The Vault

Book Review: A Revolution in Arms

When I cracked open Joseph Bilby’s 2006 book A Revolution in Arms: A History of the First Repeating Rifles, I was hoping for a history of the development of repeating rifles, and didn’t quite get that. It’s a subtle difference, but Bilby’s work is primarily about the use of the Henry and Spencer repeating rifles.

Joseph Bilby: A Revolution in Arms

 

The first three chapters do a pretty good job describing the development of rifle (and cartridge) technology through the first half of the 1800s, including the Dreyse needle gun, Volcanic repeater, Sharps, Colt revolving rifle, Hall breechloader, and many more, both European and American. The fourth chapter then starts the story of the Spencer repeating rifle with a great explanation of who Christopher Spencer was and the circumstances of his invention. To me, these are the most interesting chapters in the book.

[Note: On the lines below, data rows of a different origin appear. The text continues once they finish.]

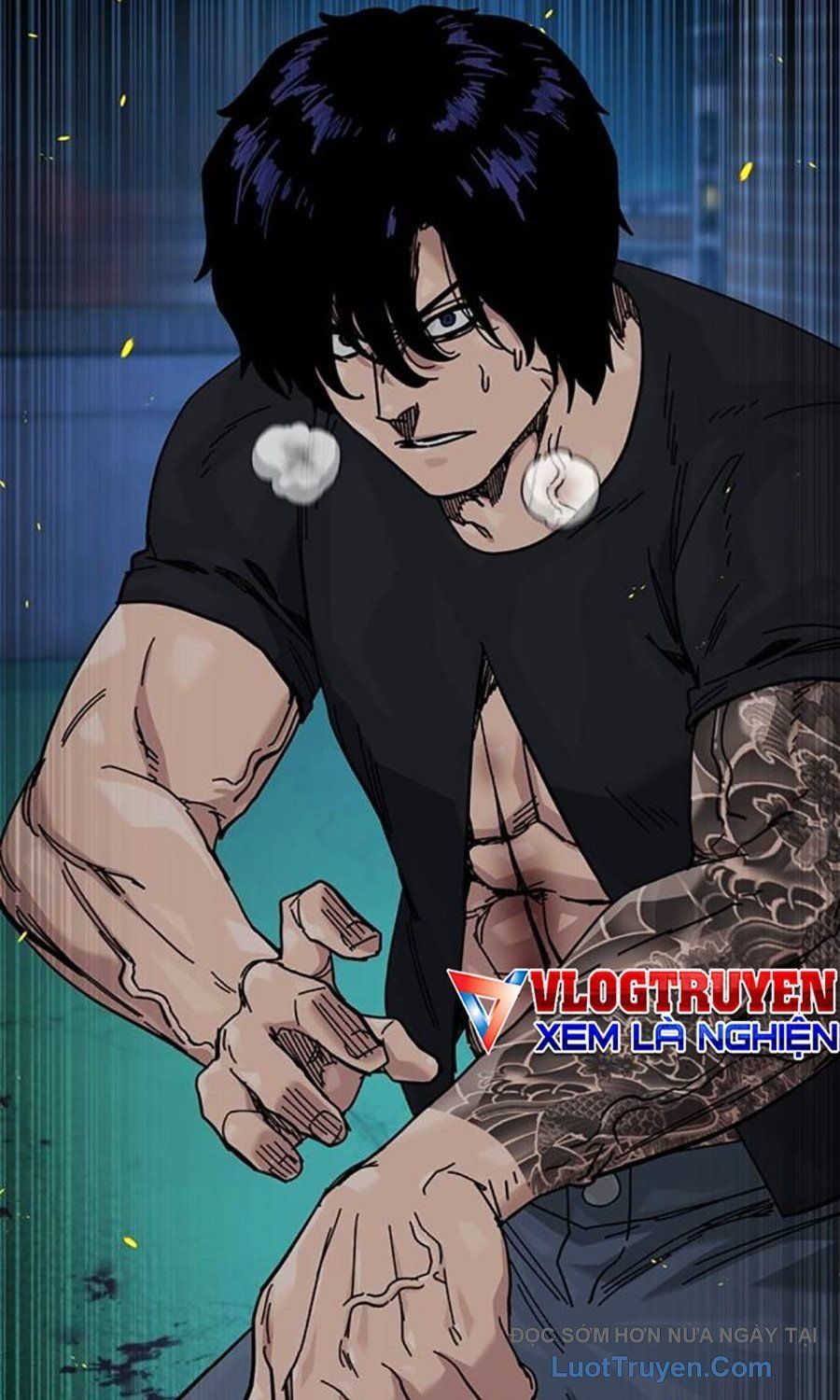 đọc truyện Để Có Thể Sống Sót Chương 187 ảnh 34 tại Thiên Thai Truyện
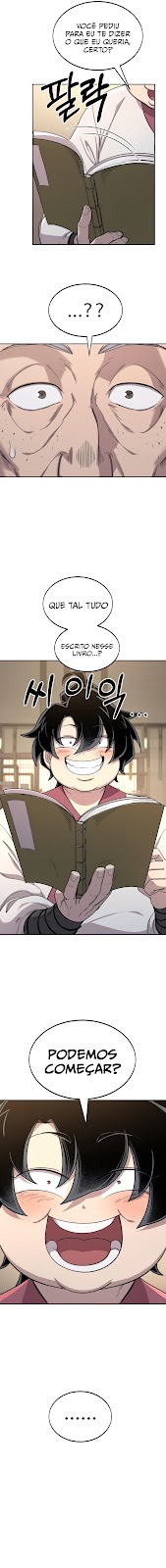 Read O Retorno da Lâmina Florescente (PT-BR) PT Manga Online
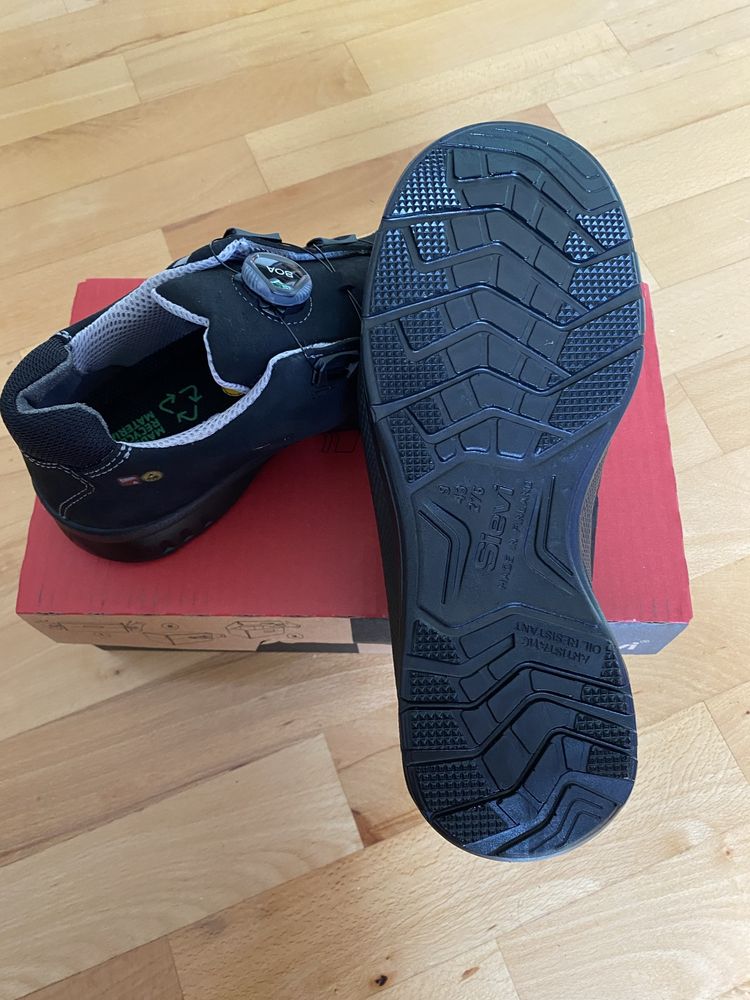 Buty robocze BHP Sievi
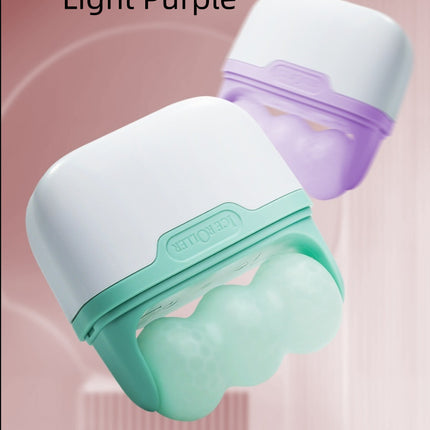 Double-headed Ice Roller Massage Care Cold Therapy Device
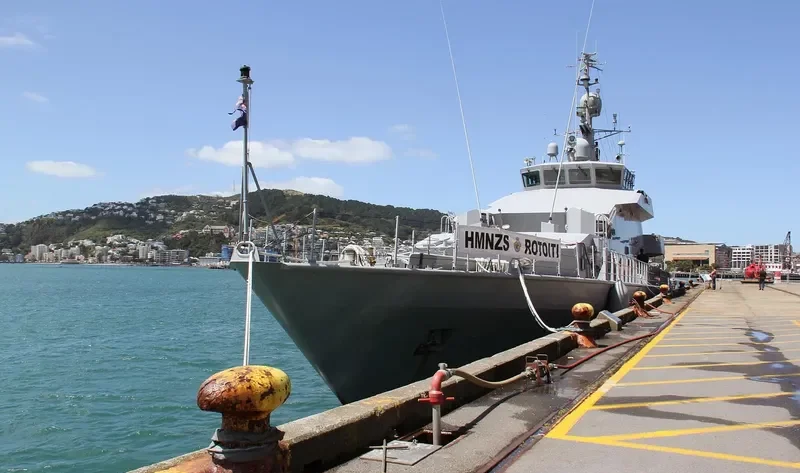 TAUPO General Cargo IMO 9368522 photo 4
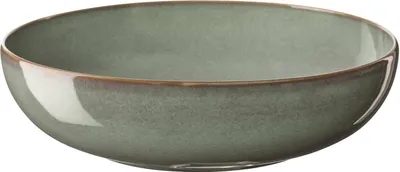 Produktbild von ASA Selection Tief Teller Saisons Eukalyptus ø 21 cm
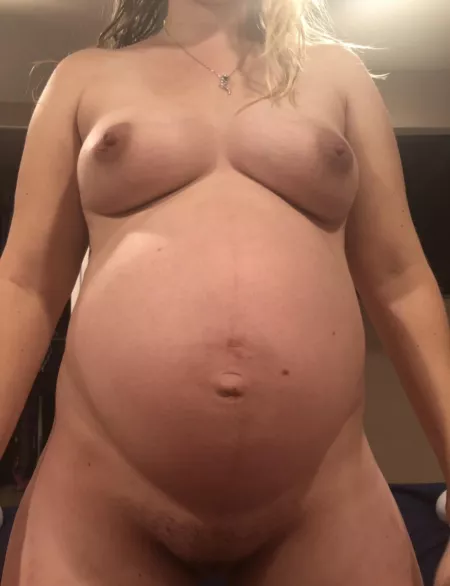 Would you have taken me while I was pregnant?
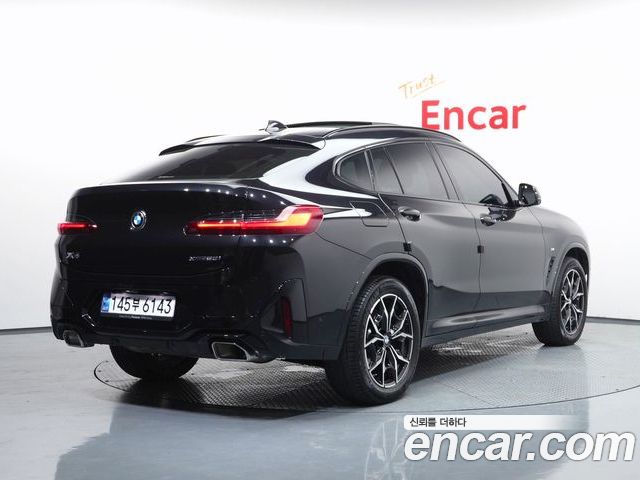 BMW X4 2024 — фото 2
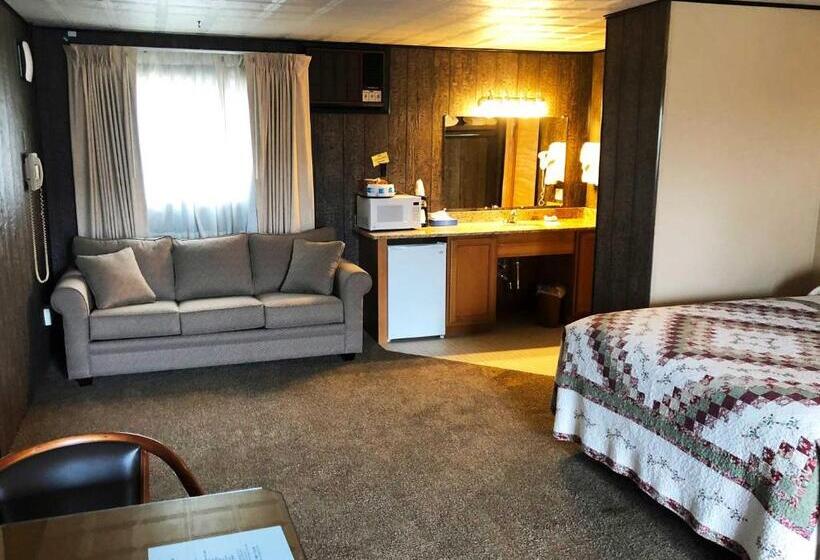 Bristlecone Motel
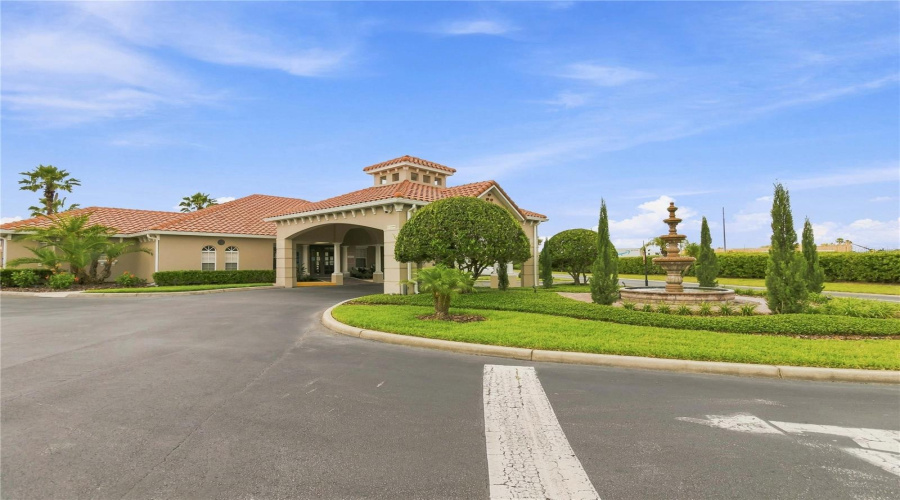 Clubhouse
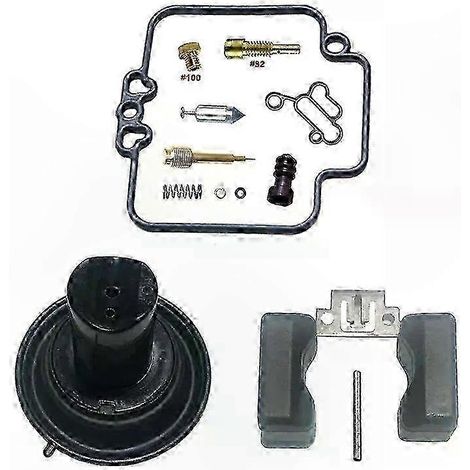 Kit réparation carburateur ATV pour YFM90 Raptor 90 2009-2013, compatible divers modèles (1/2)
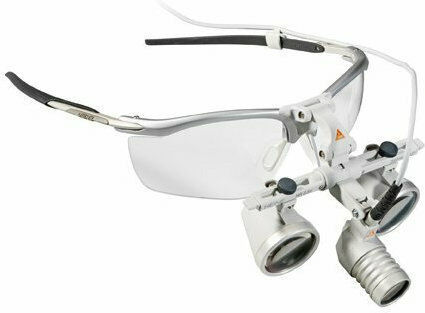 Heine LoupeLight 2 Magnifying Glasses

The remaining five chapters cover the use of the Spencer and Henry rifles through the US Civil War, in a way that is easily read and yet also has excellent detail. Bilby discusses each battle that involved the rifles, and how they were used by the various units. For folks interested in tactics and military history, it is an outstanding resource.

The Civil War saw a huge explosion of new firearms designs, for both repeating arms and breechloaders (new manufacture and conversion of existing muzzleloading weapons). America was a hotbed of industrial innovation, and everyone realized that the Union and Confederate armies would need thousands upon thousands of firearms – getting a military contract could provide a huge windfall for an aspiring inventor. Bibly does also discuss some of the other guns trialed during the period, and gives us a look into the mindset of the Ordnance officials running the military at the time. The obvious question at first glance is, with all these technological improvements sprouting up, why was the Civil War fought with primarily old-style muzzleloading muskets? Well, there are a number of reasons – including plain old conservatism, lack of production capacity for  the new designs, durability and reliability problems with new firearms technology, and more.

 

Bilby’s book also includes some really interesting details about the Spencer – like why it shares many completely interchangeable parts with Sharps single-shot rifles. That was certainly something I had not been aware of. The history of cartridge development through needle-fire, pinfire, Flobert, Volcanic, and other iterative steps is also particularly interesting and well-explained.

Overall, I would say this is an excellent book for those who are interested in the Civil War and firearms – and a good book for those who (like me) are really more focused on just the hardware. Happily, it is a still very much in print, and available for a very reasonable price. Reasonable enough to make it appealing to those of us who are only really looking for a few parts of it.